══ Task data

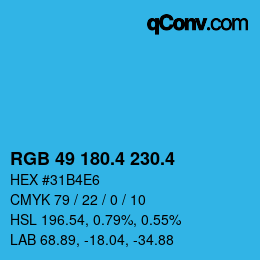 カラーコード: RGB 49 180.4 230.4 | qconv.com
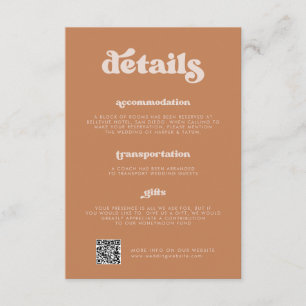 Stijlvolle retro bruine suiker trouwdetails QR-cod Informatiekaartje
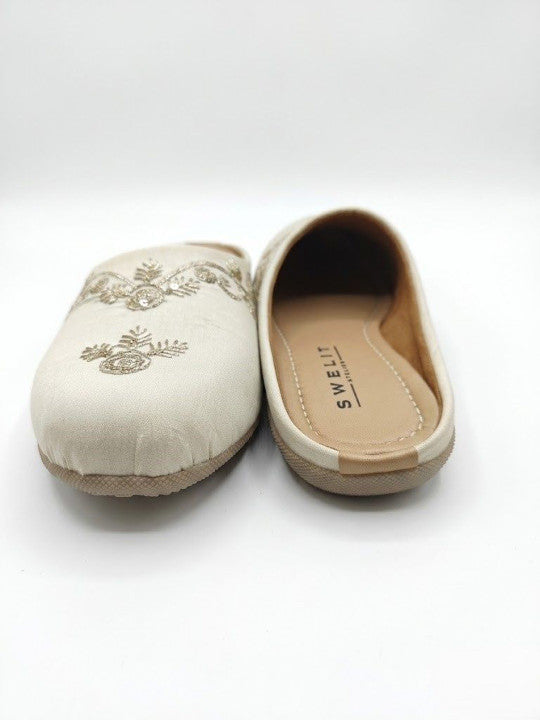 Traditional White Embroidered Flat Mules for Women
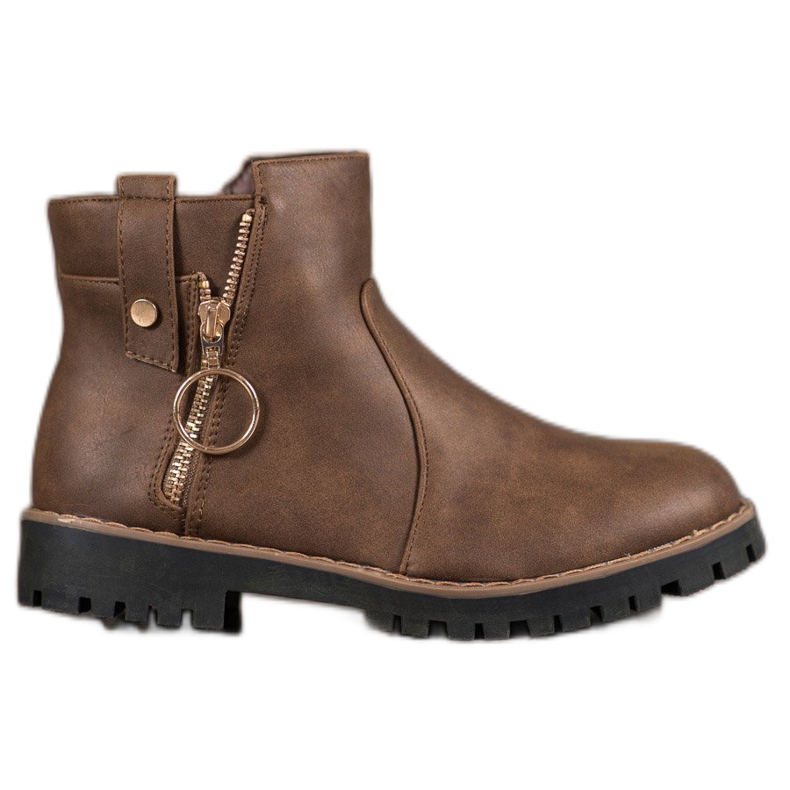 Jumex Cizme cu fermoar decorativ maro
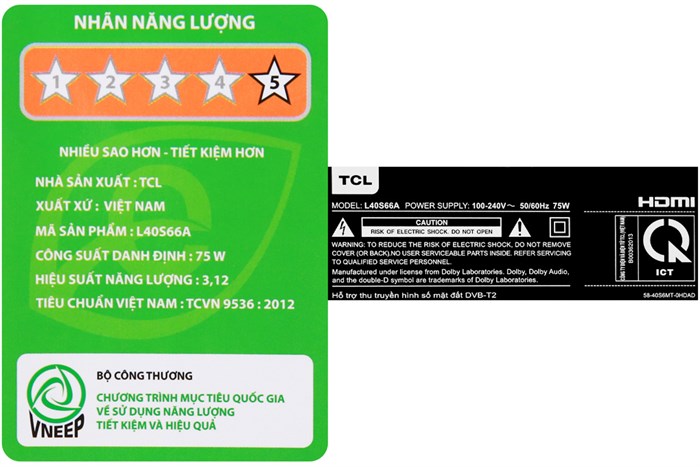 Android Tivi TCL 40 inch L40S66A Màu Đen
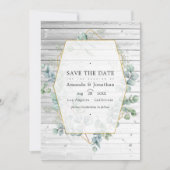 Save The Date Mariage géométrique à l'aquarelle rustique eucalyp (Devant)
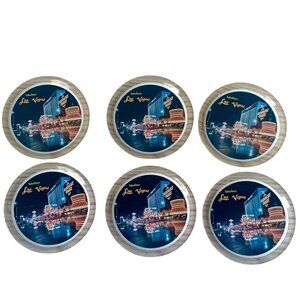6 Vintage Fabulous Las Vegas Metal Coasters Barbary Flamingo Casino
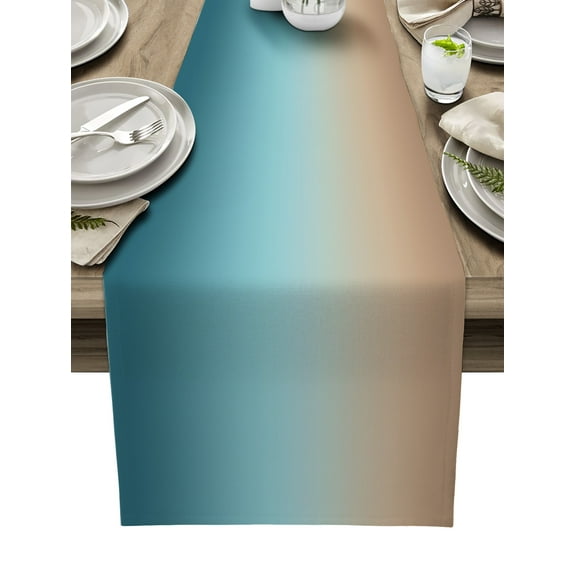 Table Runner 90 Inches Long for Kitchen Dining, Navy Blue Brown Ombre Dresser Scarf Farmhouse, Dining Table Decorations for Wedding/Parties, Teal Gradient Color Modern Abstract Art 13 x 90 In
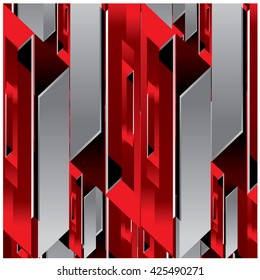 Vector line and blocks metal pattern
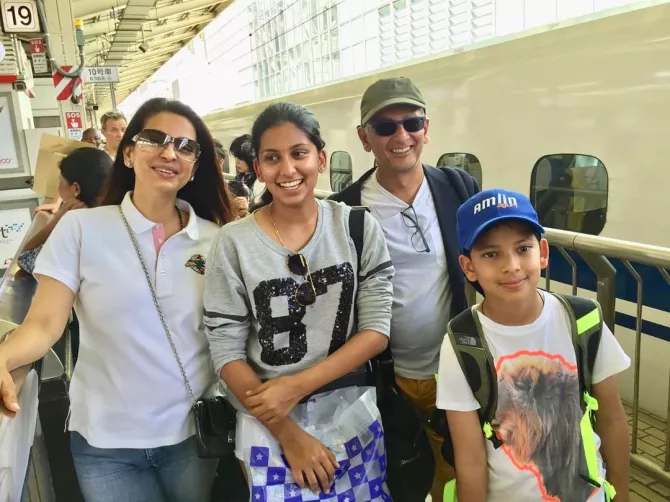 Juhi Chawla, Jahnavi Mehta, Jay Mehta and Arjun Mehta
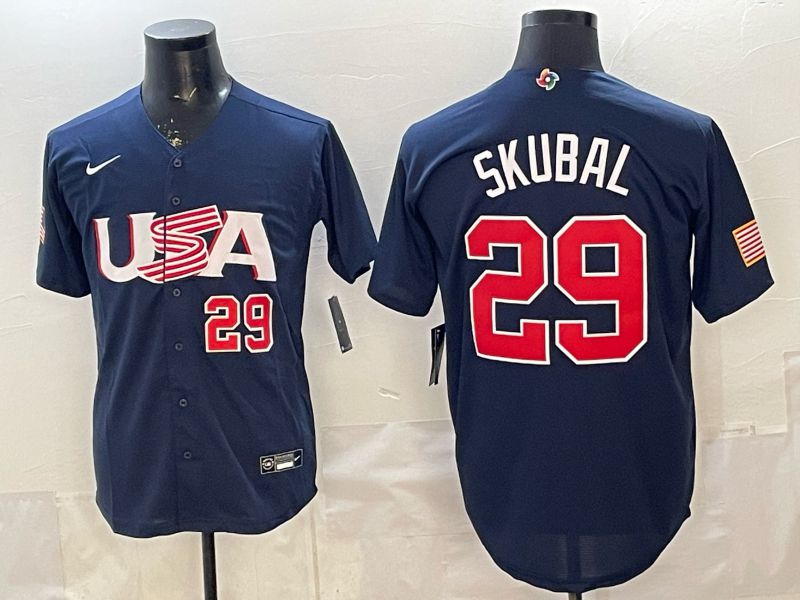 Men 2026 World Cub USA #29 Skubal Blue Nike MLB Jersey style 004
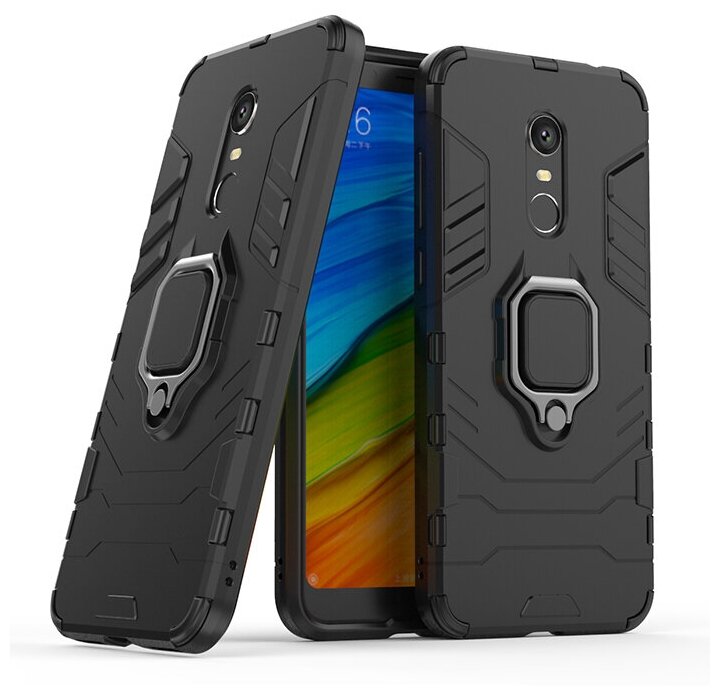 Противоударный чехол с кольцом Panther Case для Xiaomi Redmi 5 Plus / Redmi Note 5 (SC) черный — фото 1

════

- **Exercise aim**
Write out the material above precisely, leaving each picture behind.

- **Answer for the task**
 カラーコード: RGB 49 180.4 230.4 | qconv.com
 Stijlvolle retro bruine suiker trouwdetails QR-cod Informatiekaartje
 Traditional White Embroidered Flat Mules for Women
 Jumex Cizme cu fermoar decorativ maro
 Android Tivi TCL 40 inch L40S66A Màu Đen
 Save The Date Mariage géométrique à l'aquarelle rustique eucalyp (Devant)
6 Vintage Fabulous Las Vegas Metal Coasters Barbary Flamingo Casino
 Table Runner 90 Inches Long for Kitchen Dining, Navy Blue Brown Ombre Dresser Scarf Farmhouse, Dining Table Decorations for Wedding/Parties, Teal Gradient Color Modern Abstract Art 13 x 90 In
 Vector line and blocks metal pattern
 Juhi Chawla, Jahnavi Mehta, Jay Mehta and Arjun Mehta
 Men 2026 World Cub USA #29 Skubal Blue Nike MLB Jersey style 004
 Противоударный чехол с кольцом Panther Case для Xiaomi Redmi 5 Plus / Redmi Note 5 (SC) черный — фото 1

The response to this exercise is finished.